Vittime di crimini commessi da nazisti: fissate le regole di accesso al Fondo

Con decreto del 28 giugno 2023, pubblicato sulla Gazzetta Ufficiale n. 152 del 1° luglio 2023, il Ministero dell’economia e delle finanze ha fissato la procedura di accesso e le modalità di erogazione degli importi del Fondo per il ristoro dei danni subiti dalle vittime dei crimini di guerra e contro l’umanità per la lesione di diritti inviolabili della persona, compiuti sul territorio italiano o comunque in danno di cittadini italiani dalle Forze del Terzo Reich nel periodo tra il 1° settembre e l’8 maggio 1945 (Decreto).

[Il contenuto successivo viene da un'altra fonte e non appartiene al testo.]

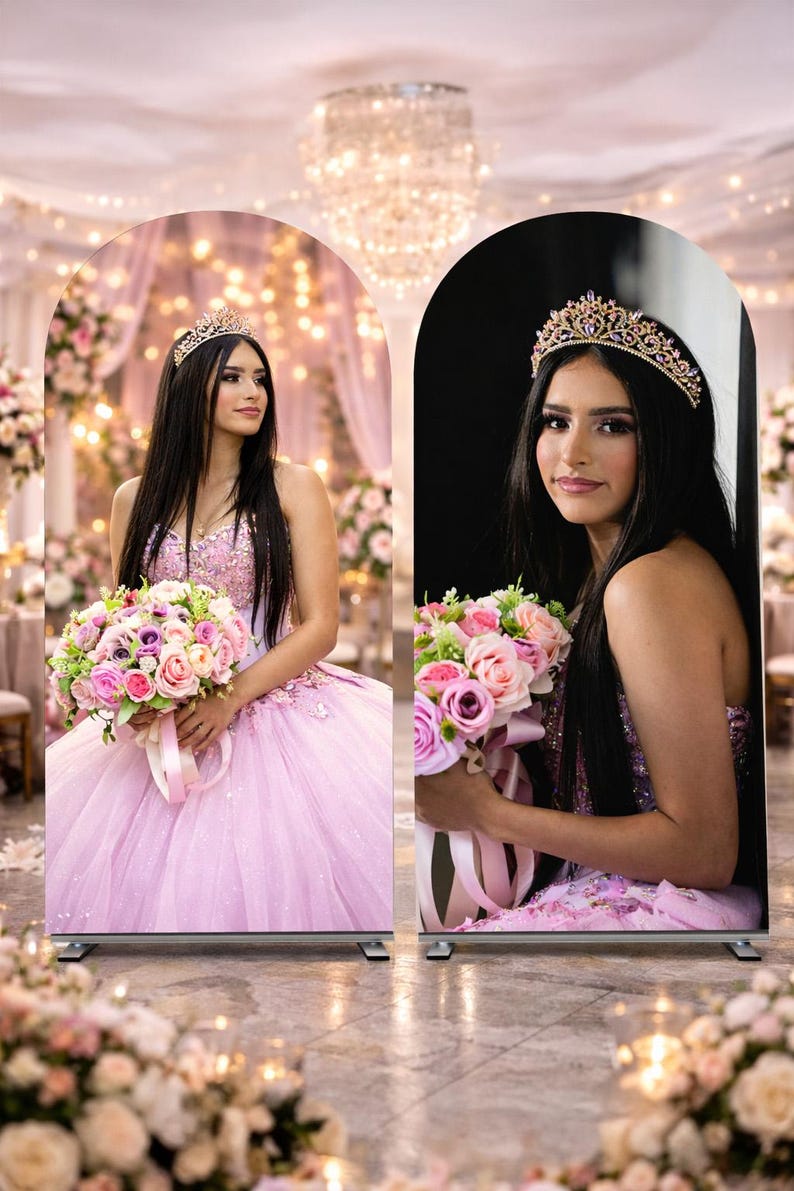 Puede incluir: Dos im&aacute;genes de una mujer con un vestido de gala rosa claro y una tiara enjoyada, sosteniendo un ramo de flores rosas y moradas. El vestido tiene un corpi&ntilde;o con cuentas y una falda de tul en capas. El fondo es un entorno suave y borroso con arreglos florales.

Per spingere verso la chiusura del procedimento avviato per la seconda volta dalla Germania dinanzi alla Corte internazionale di giustizia che aveva già fissato l’udienza sulle misure cautelari per il 9 maggio, l’Italia aveva adottato il decreto legge 30 aprile 2022 n. 36 (DL PNRR) “Ulteriori misure urgenti per l’attuazione del Piano nazionale di ripresa e resilienza (PNRR)” e la Germania aveva comunicato il ritiro della richiesta e la Corte ha cancellato le udienze (CIG). Tuttavia, il decreto legge, poi convertito, lasciava aperte molte questioni pratiche di applicazione e, quindi, con una certa calma, il Ministero dell’economia ha adottato il decreto del 28 giugno. Per quanto riguarda il diritto di accesso al Fondo, l’articolo 2 chiarisce che detto accesso è assicurato ai soggetti vittime di
crimini di guerra e contro l’umanità che, a seguito di azioni giudiziarie avviate entro il 28 giugno 2023, soddisfano alternativamente una delle seguenti condizioni: “a) hanno ottenuto un titolo costituito da una sentenza passata in giudicato avente ad oggetto l’accertamento e la liquidazione dei danni di cui all’art. 1; b) hanno definito i giudizi pendenti per effetto dell’esercizio delle suddette azioni giudiziarie con un atto di transazione, secondo la normativa vigente, previo parere dell’Avvocatura dello Stato”. Gli interessati devono presentare istanza al Ministero dell’economia e delle finanze, Dipartimento dell’Amministrazione generale del personale e dei servizi, utilizzando il modulo disponibile nel sito. Spetta alla Direzione competente verificare il rispetto dei requisiti richiesti dall’articolo 3. Per quanto riguarda la determinazione dell’importo dovuto, essa “viene effettuata tenendo conto delle somme già percepite dalla Repubblica italiana a titolo di benefici o indennizzi ai sensi della legge 10 marzo 1955, n. 96, del decreto del Presidente della Repubblica 6 ottobre 1963, n. 2043, della legge 18 novembre 1980, n. 791 e della
legge 29 gennaio 1994, n. 94. Il relativo pagamento è effettuato, in un’unica soluzione, entro il termine di centottanta giorni dalla data
di ricezione della domanda completa di tutte le informazioni e della documentazione di cui al precedente art. 3”. 

Intanto, prosegue il procedimento dinanzi alla Corte costituzionale, sulla legittimità costituzionale dell’articolo 43 del decreto legge n. 36. Il 4 luglio si è tenuta l’udienza.